Southwest Missouri State University sought and eventually was granted permission to drop its regional designation and become Missouri State University. This change was initially vehemently opposed by the UM System, as it saw this as a threat to its funding and its stature as the premier public institution of higher learning in Missouri. It also would create historic entanglements, as the University of Missouri had interchangeably used the Missouri State University name at times in its history. This resulted from MU being designated as both a land grant and a research institution, unlike states such as Iowa where separate institutions (University of Iowa and Iowa State University) were created.

===Proposed merger===
In April 2003, Northwest Missouri State University in Maryville approached the UM System with the possibility of becoming the fifth school in the system. Name proposals for the university after the merger, such as the University of Missouri–Northwest, were to reflect the school's separate heritage. The Maryville institution would have become a doctoral degree-granting research university of equal stature with the existing UM System universities. However, the enabling legislation before the Missouri General Assembly never passed and the deal sunset. There have been no further attempts at a merger.

=== 2015 racial controversies, protests, and resignations ===

In 2015, Wolfe was the subject of criticism from a variety of groups over his failure to address a series of racist incidents at the University of Missouri, including students openly using racial slurs towards minority student leaders, and an October incident where feces was used to draw a swastika, drawing condemnation from black and Jewish student organizations. In November 2015, Missouri's Legion of Black Collegians announced that approximately thirty athletes would not participate in any team activities unless Wolfe resigned. On November 8, 2015, the Missouri Student Association joined in calling for Wolfe's resignation.

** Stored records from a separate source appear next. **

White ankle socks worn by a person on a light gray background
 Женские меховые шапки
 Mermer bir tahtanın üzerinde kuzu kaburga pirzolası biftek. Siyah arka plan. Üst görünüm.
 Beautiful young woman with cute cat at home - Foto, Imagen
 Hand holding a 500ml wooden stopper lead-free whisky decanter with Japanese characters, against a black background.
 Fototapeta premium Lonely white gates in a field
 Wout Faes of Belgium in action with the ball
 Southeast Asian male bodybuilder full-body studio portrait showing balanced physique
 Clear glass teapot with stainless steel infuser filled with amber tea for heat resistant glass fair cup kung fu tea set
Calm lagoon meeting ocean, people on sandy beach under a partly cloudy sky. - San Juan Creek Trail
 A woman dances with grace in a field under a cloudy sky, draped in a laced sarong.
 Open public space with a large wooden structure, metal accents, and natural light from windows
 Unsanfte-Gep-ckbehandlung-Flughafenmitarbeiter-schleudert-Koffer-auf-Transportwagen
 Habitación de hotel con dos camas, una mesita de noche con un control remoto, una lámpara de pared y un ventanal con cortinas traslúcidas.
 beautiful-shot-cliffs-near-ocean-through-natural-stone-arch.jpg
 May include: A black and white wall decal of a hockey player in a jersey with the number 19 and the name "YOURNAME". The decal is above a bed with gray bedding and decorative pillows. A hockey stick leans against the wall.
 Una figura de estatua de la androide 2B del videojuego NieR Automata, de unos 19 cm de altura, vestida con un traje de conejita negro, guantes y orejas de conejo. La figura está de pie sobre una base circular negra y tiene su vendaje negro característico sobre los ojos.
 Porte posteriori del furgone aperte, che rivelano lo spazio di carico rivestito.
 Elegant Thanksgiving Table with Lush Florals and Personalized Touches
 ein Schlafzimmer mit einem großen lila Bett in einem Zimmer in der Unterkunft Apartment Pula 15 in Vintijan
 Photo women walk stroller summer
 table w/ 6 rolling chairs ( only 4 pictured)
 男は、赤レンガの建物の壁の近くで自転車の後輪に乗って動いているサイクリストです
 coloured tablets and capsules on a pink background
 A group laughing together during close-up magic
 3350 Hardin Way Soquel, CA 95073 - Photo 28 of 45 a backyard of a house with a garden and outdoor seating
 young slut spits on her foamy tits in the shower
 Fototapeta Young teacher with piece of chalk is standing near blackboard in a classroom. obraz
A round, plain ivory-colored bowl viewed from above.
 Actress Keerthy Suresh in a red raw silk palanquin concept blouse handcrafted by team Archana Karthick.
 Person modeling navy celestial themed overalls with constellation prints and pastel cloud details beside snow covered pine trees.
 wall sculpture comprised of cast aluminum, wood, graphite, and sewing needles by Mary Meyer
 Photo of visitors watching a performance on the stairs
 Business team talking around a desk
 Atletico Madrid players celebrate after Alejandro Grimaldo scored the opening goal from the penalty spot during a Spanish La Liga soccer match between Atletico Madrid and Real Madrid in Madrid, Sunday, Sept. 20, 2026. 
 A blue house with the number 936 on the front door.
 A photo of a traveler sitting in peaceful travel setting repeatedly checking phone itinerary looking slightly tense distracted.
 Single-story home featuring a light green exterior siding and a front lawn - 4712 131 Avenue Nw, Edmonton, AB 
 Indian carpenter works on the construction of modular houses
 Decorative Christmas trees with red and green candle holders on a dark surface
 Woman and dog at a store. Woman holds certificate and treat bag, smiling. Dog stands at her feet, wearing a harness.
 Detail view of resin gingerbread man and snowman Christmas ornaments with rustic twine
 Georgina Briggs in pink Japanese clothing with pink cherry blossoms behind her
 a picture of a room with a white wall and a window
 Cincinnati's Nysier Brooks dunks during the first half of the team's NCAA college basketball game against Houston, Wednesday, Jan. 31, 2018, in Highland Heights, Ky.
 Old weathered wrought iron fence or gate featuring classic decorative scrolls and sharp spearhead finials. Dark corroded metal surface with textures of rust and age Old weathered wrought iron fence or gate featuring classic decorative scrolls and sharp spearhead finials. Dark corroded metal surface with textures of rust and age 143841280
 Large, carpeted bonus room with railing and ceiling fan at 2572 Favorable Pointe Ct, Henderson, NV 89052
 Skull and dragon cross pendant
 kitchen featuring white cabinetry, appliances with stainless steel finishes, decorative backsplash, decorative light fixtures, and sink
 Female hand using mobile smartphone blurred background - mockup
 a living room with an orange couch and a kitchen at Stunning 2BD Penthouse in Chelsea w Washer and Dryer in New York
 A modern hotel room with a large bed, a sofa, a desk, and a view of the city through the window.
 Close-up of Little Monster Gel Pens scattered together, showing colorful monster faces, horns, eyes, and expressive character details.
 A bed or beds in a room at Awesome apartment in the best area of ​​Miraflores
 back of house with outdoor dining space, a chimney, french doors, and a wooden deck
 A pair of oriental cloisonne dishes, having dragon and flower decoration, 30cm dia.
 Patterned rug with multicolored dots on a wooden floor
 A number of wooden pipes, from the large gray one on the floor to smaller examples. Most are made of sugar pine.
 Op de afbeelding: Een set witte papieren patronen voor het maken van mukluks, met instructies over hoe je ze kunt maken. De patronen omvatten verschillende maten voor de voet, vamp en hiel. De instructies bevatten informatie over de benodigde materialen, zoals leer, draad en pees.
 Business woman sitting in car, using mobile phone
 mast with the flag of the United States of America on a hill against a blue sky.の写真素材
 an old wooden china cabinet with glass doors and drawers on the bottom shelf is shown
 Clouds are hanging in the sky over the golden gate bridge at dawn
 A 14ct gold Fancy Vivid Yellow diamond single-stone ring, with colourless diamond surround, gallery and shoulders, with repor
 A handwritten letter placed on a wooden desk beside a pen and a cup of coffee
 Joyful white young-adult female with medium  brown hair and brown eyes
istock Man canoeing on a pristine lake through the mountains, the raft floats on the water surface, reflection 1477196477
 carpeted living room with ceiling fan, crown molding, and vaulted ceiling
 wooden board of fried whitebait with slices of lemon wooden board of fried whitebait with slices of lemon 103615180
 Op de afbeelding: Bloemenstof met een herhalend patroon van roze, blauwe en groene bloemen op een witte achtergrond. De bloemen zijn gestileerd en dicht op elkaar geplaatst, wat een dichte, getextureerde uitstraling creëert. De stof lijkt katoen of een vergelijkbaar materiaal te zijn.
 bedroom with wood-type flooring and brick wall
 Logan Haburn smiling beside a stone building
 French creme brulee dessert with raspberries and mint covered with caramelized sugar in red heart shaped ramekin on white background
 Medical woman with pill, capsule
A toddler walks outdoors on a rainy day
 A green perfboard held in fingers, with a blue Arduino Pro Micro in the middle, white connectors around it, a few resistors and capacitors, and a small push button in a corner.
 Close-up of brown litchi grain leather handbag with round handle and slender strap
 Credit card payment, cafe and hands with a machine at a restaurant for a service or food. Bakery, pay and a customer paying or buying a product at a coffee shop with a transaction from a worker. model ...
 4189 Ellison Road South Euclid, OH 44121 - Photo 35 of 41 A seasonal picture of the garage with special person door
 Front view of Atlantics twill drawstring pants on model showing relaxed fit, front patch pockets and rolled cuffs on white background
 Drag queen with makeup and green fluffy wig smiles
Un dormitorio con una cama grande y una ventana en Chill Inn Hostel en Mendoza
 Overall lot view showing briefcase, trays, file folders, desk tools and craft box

On November 9, 2015, Wolfe resigned at a special Board of Curators meeting that morning. In a statement, he said, "My motivation in making this decision comes from a love of Columbia where I grew up and the state of Missouri. I thought and prayed over this decision. It is the right thing to do. ... The frustration and anger I see is real and I don't doubt it for a second. ... I take full responsibility for the actions that have occurred. I have asked everybody to use my resignation to heal. Let's focus in changing what we can change today and in the future, not what we can't change in the past."